We did not go to the top of the hill, and as we skirted the side, the thought came to me ‘feminist walker does not conqueror the summit’. Exploration and adventure can often involve the language of conquest. There can be something decidedly macho about the bid for the top, or for covering the distance. Look back at older explorers and adventurers, and there’s a language of penetration, as the man takes the landscape, and the landscape is female. This is something H. Rider Haggard took to a wilfully absurd extreme in King Solomon’s Mines (the mountains that are the breasts of Sheba, and the treasure cave are, when you look at the map, pretty unsubtle).
It’s easy to have even the tamest of walks turn into something that is about achievement, in a way that has a really interesting impact on our relationship with the land itself. The top of the hill is just as much about reaching the summit and looking down on everything as the top of a mountain might be. Not that there’s anything wrong with climbing things or getting to the highest point. The issue is how motives and intent affect experience. There is more to a hill than reaching the top of it, but if we’re only interested in the summit, we may miss a lot of things along the way.
This is perhaps doubly interesting as an issue for Pagans. Many of us see land, or the Earth as a whole, in terms of goddess. Mother Earth, Gaia; if we understand this as her body, then how we walk upon it, is worth thinking about. Are we here to penetrate the forest, or the cave? Regardless of gender, we can cast ourselves in really macho roles in relation to our journeys.

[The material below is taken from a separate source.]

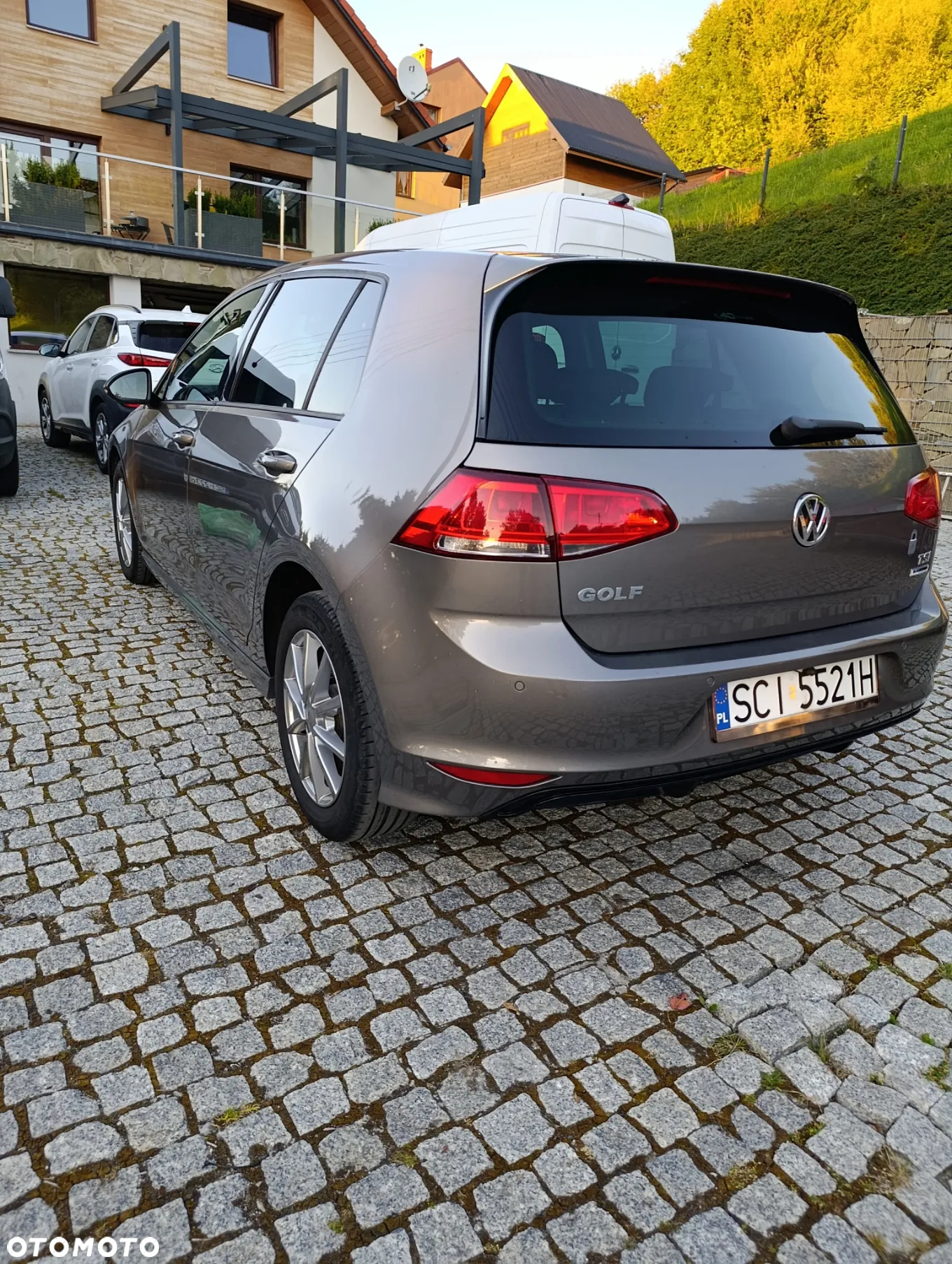 Volkswagen Golf - 7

It’s a different process to walk as someone who is interested in seeing how the landscape unfolds. Being someone for whom each wrinkle, each bump and curve, is important, and engaging. To be someone who seeks out not just the pretty, picturesque faces but is willing to walk through old industrial sites and new ones, along main roads, under motorways – this too is the land. The land does not always wear the face of a beautiful virgin goddess – if previous visitors have ravaged her, she may bear scars and open wounds, lines of sorrow, and she may seem hostile.

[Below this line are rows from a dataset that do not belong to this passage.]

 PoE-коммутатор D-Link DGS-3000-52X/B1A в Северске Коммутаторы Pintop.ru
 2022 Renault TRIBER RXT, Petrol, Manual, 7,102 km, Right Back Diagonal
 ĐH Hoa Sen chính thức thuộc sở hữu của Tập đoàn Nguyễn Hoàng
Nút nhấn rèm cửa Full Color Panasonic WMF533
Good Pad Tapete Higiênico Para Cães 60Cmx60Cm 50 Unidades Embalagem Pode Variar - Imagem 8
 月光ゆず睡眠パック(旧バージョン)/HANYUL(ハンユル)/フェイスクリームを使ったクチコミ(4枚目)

If we simply go to take, if we walk to possess and to be gratified, seeking only what is most pleasing to us, caring only for the face of the land where other humans have not bruised that face with careless treatment, we are still colonialists. Regardless of personal gender, we are still the man in the pith helmet who wants to penetrate virgin forests to bring back prizes. We don’t have to be that. We can walk in sympathy. We can walk with empathy and with a desire to know and understand, to be present rather than to conquer. Then we find that the side of the hill has its own precious qualities, different from the summit but no less worthy, and everything changes.